Was bräuchte es, um die Bedingungen für behinderte Menschen zu verbessern?
Wir brauchen Sensibilisierung und Sichtbarkeit. Repräsentation ist ganz wichtig: Wir sehen im Fernsehen, dass behinderte Rollen von nicht behinderten Schauspielern verkörpert werden. Damit wird ein falsches Bild reproduziert. Wir brauchen Gesetze, die uns helfen, Teilhabe umzusetzen. Individuell kann jede Person dazu beitragen, indem sie sich informiert und ihr Umfeld sensibilisiert. Am wichtigsten wäre, sich Stimmen von behinderten Menschen anzuhören und diese lauter zu machen. In den sozialen Medien, in Büchern oder Blogeinträgen. Wenn man hört, dass „behindert“ als Schimpfwort missbraucht wird oder sich jemand über eine behinderte Person lustig macht, sollte man als nicht behinderte Person einschreiten. Denn gesunden, privilegierten Menschen wird ganz sicher eher zugehört.
Sie sprechen selbst von „behinderten Menschen“, viele scheuen vor dieser Bezeichnung zurück.

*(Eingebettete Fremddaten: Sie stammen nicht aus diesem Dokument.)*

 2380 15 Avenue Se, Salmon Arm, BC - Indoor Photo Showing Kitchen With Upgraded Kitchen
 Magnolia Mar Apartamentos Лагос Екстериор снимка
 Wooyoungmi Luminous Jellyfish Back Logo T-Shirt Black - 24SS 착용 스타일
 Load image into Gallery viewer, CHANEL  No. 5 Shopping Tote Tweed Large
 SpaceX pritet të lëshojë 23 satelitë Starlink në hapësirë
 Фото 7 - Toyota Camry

Welche Sprache sollten nicht behinderte Menschen verwenden?
Ich bevorzuge die „Identity first“-Sprache, also „behinderter Mensch“. Um herauszustreichen, dass die Behinderung ein Teil unserer Identität ist. Da gibt es diese Metapher, dass wir unsere Behinderung ja nicht wie einen Rucksack aufhaben, den wir mal eben absetzen können. Dann gibt es noch die „Person first“-Sprache, „Menschen mit Behinderung“, um den „Menschen“ hervorzuheben. Auch diese Bezeichnung finde ich in Ordnung, obwohl es hoffentlich klar ist, dass wir Menschen sind. Was nicht in Ordnung ist, sind Euphemismen: „Menschen mit Beeinträchtigung“, „gehandicapte Menschen“, „Menschen mit besonderen Bedürfnissen“. Es sei denn, Betroffene wählen das als Selbstbezeichnung.

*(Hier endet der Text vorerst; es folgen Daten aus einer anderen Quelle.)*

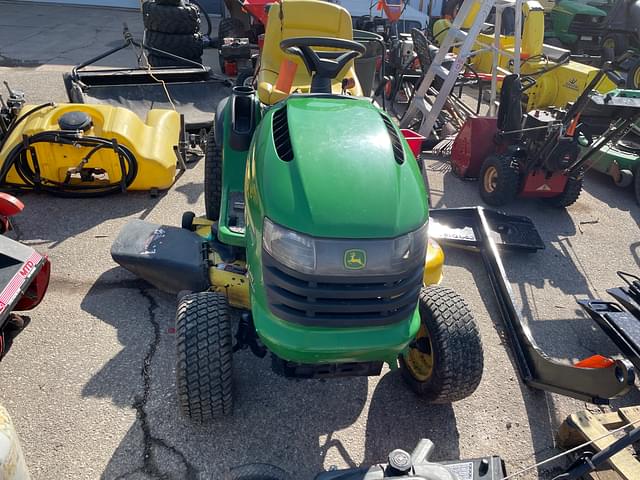 Image of John Deere L111 equipment image 3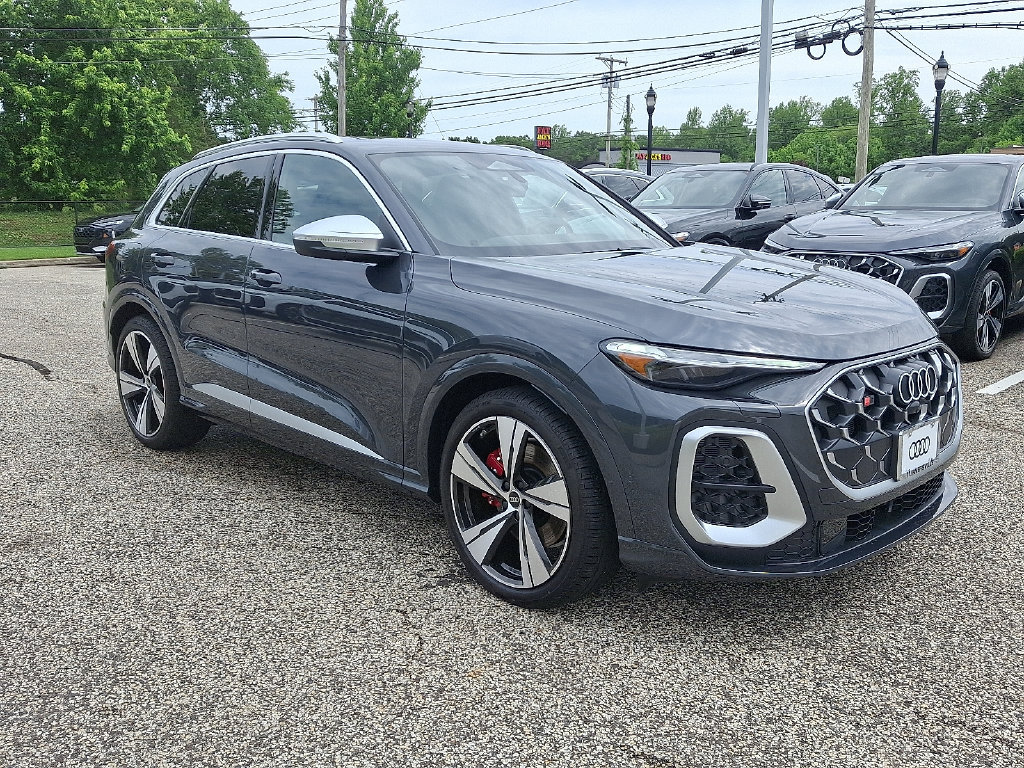 New 2026 Audi SQ5 Premium Plus AWD/4WD image 2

In Österreich gibt es eine Debatte über die Signalwirkung von Spendengalas wie „Licht ins Dunkel“. Wie stehen Sie zum Thema Wohltätigkeit?

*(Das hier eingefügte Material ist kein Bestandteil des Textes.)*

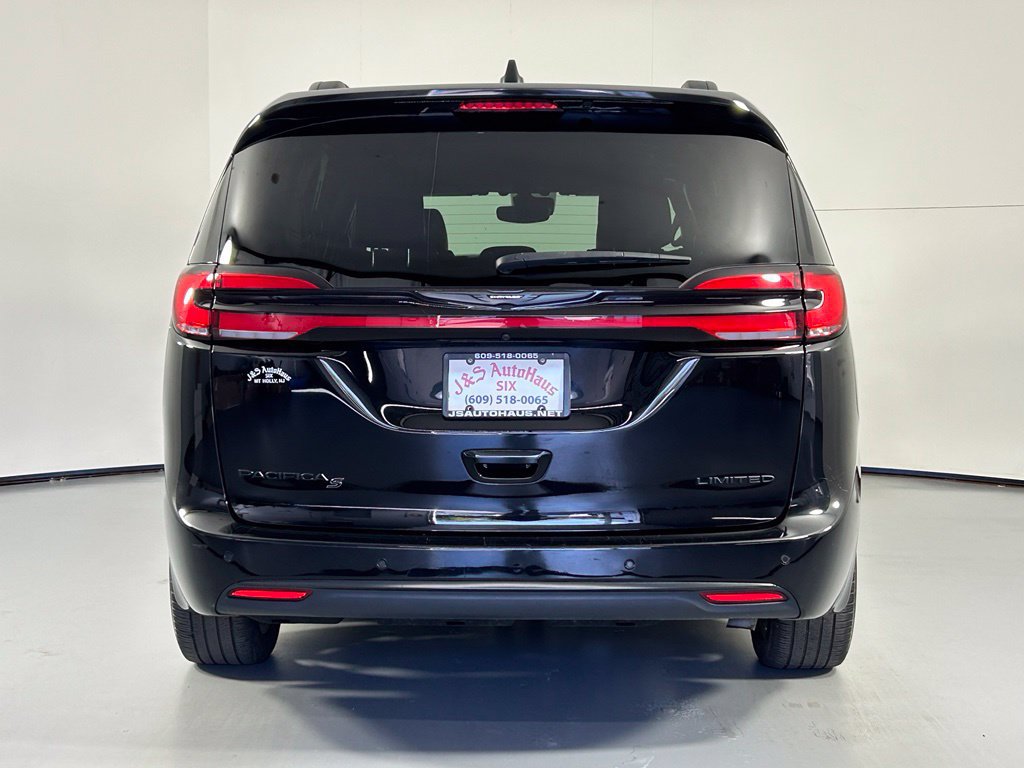 Used 2025 Chrysler Pacifica Limited FWD image 6
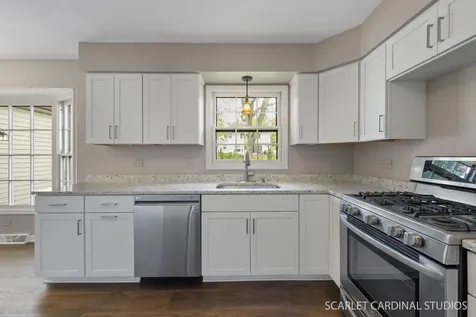 907 Secretariat Drive Naperville IL 60540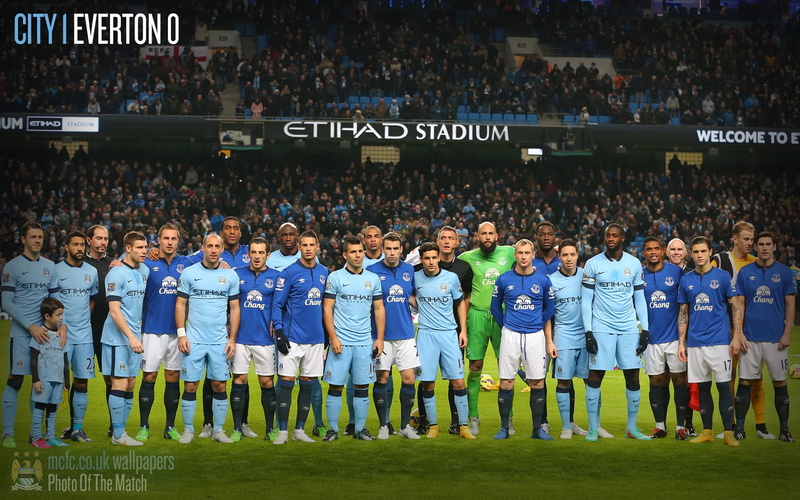 soccer, group of people, women, city, standing, men, day, outdoors, wal, spectator, stadium, sport, 1080P, grass, crowd, nature, adult, club, in a row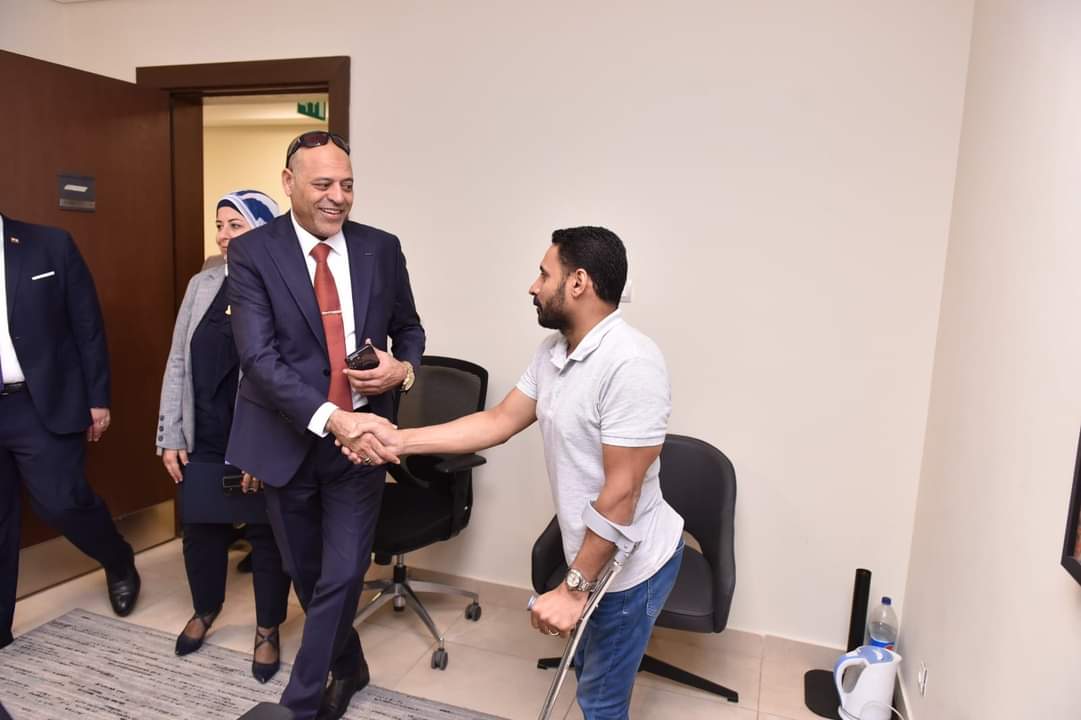 وزير العمل يَتفقد مكاتب العاملين بالعاصمة الإدارية..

Ich bin keine Freundin davon. Weil ich der Meinung bin, dass es die Zuständigkeit verschiebt; der Staat fühlt sich nicht zuständig, solange es Organisationen immer wieder als ihr Thema verkaufen. Man muss hinter die Kulissen schauen: In Deutschland haben wir die „Aktion Mensch“, da wird man rasch feststellen, wie viele nicht behinderte Menschen in der Organisation sitzen, aber sich herausnehmen, für uns zu sprechen. Letztlich sind die Charity-Organisationen oft dazu da, damit sich nicht behinderte Menschen besser fühlen, weil sie den „armen Behinderten“ geholfen haben. Dabei ist Teilhabe ein Menschenrecht. Wir sollten weder dankbar sein noch darum betteln müssen. Und wir möchten nicht als bemitleidenswerte Menschen dargestellt werden, die dankbar sind, wenn man ihnen einmal im Jahr ein paar Euro spendet.
Wurden behinderte Menschen in der Pandemie vergessen?
Ja, absolut. Das fing an mit dem Impfangebot, das viele von uns gar nicht oder erst spät bekommen haben. Jetzt geht es um die Maßnahmen, die noch eingehalten werden. In Deutschland trägt die Mehrheit keine Maske mehr, Schnelltests werden kaum benutzt. Als Person der Risikogruppe ist man nicht sicher, auch wenn man sich selbst schützt und aufpasst.
Ihr Buch heißt „Behindert und stolz“. Welche Botschaft verbirgt sich dahinter?
Den Begriff „disabled and proud“ gibt es in der Bewegung schon lange. Es geht darum, auch auf diesen Teil seiner Identität stolz zu sein, obwohl dir die ganze Welt signalisiert, dass deine Behinderung etwas ist, das du verstecken solltest. Ich habe selbst lange mit mir gehadert und musste erst verstehen, dass ich mich nicht schämen muss und nicht alleine bin. Heute bin ich stolz darauf, dass ich eine Community gefunden habe und in diesem System Probleme ansprechen kann. In der Hoffnung, dass wir zukünftige Generationen von behinderten Menschen besser aufwachsen sehen.